Your performance will be good but your budget must be much higher to do this conversion. Batteries are going to be your single most expensive component but there are plenty of other expensive parts too and yes you can hunt and scrounge for good used parts to lower your cost. We all understand about the tight budgets. 

Pete


----------



## drunkle (Feb 12, 2011)

bah. how much more...?

weight loss could be done. remove the top, rear seats, door panels, side glass, carpet. run a tonneaueueueue cover, plastic buckets. alloy wheels. shave emblems/stainless/shrouds, etc

what am i looking at, sans battery? any motor adapters already in production? 

spending 10k or more would be out of the question for a spare tire. if the parts aren't there yet for a reasonable build, i guess i'll just have to wait...


----------



## Guest (Feb 12, 2011)

Parts are available for reasonable costs but you have to hunt for them. Even with hunting for good used parts that would be suitable for your ride and you use lead acid batteries you still won't meet your budget goal. You could spend $3k just on lead batteries alone. Don't bother with vehicle weight loss. That is not the issue. If you go lead it will be a lead sled and will more than likely be over the vehicles weight limits or very close and you still won't get 50 miles at a decent speed. Life for lead sucks too. Look at about $12K for lithium batteries alone. Doing a conversion won't come cheap. Even if you scrounge. Heck my first lead sled conversion including the cost of the vehicle came to $3200. Top distance was around 20 miles pushing it at a decent speed. in reality distance for lead sleds just sucks. Unless of course you only drive in town at speeds that don't top 40 mph and you only need about 10 miles per day. 

Taking a seat out or spare tire out won't gain you much of anything. It's more rolling resistance than actual weight that is the issue. You won't be able to take out much anyway. Surely not enough to make a difference in a street car. Keep your stuff and keep the vehicle looking good. You can do the conversion. 

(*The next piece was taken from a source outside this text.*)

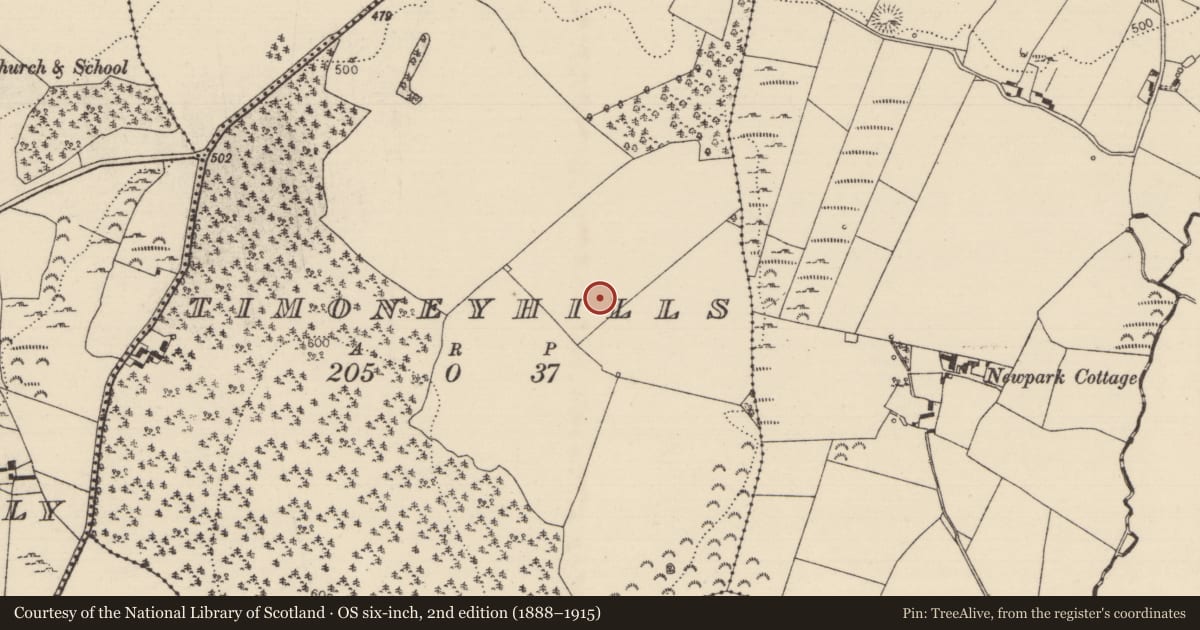 Ordnance Survey six-inch map, 2nd edition (1888–1915) covering the location of Standing stone, Timoney Hills, County Tipperary North, with a pin at the register's coordinates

I do not know where folks are getting that they can do a killer conversion for $3k or less and get 50 miles per charge at freeway speeds and be able to go 80 mph or better. 

Expectations are quite high for the budget. 

Go have a look here and get an idea of what others have spent and what they get for their money. http://www.evalbum.com/ 

Use the search function on the top of the page and type in any kind of vehicle you desire and they may have someone who has done a conversion. A lot of them list the total cost and much is the cost of the conversion. 

Heck, I spent $900 on my adaptor, $1600 on controller, $2700 on batteries. That tops your total budget already and I got some good quality stuff but also got some bargains in the process. One of my motors was only $400 bucks. Damn good one too. One was $700 and came with an adaptor plate already installed. So go look at costs for components and stuff too. 

Do some parts hunting on EVDL as well. Look under ev resources and have a look in the trading post. Some items are from those who purchased and found out that they were not going to work for them or when someone decided to upgrade because they just had to have the lowest common denominator to begin with. I say go for the best right from the start or at least don't think small and work on that budget. 

Also go watch this guys stuff. It will be good for you. You can also watch all his episodes on youtube now as well. http://web.me.com/mjrickard/

$16000 bucks including conversion and restoration and he only gets 40 miles at in town speeds and only 65 mph. 

http://www.evalbum.com/1073


----------



## peggus (Feb 18, 2008)

30 - 40 miles is totally doable with lead golf cart batteries. You don't need a soliton, it would be nice but a curtis will do fine. At that budget though you'll spend a lot of time in forklift junkyards and on ebay looking for usable parts. You may want to consider doubling the budget.


----------



## Guest (Feb 12, 2011)

peggus said:


> 30 - 40 miles is totally doable with lead golf cart batteries. You don't need a soliton, it would be nice but a curtis will do fine. At that budget though you'll spend a lot of time in forklift junkyards and on ebay looking for usable parts. You may want to consider doubling the budget.



Not if most of your driving is on the freeway at 65 mph or so which is most freeways in the US. Like I said, in town and under 45 mph sure. Think big golf cart. That is where electrics get the bad rap. Folks say they get 50 or so miles on lead but fail to tell you that it was doing 35 mph. Hell, I'd rather have a nice GEM and do that. Lots cheaper too.


----------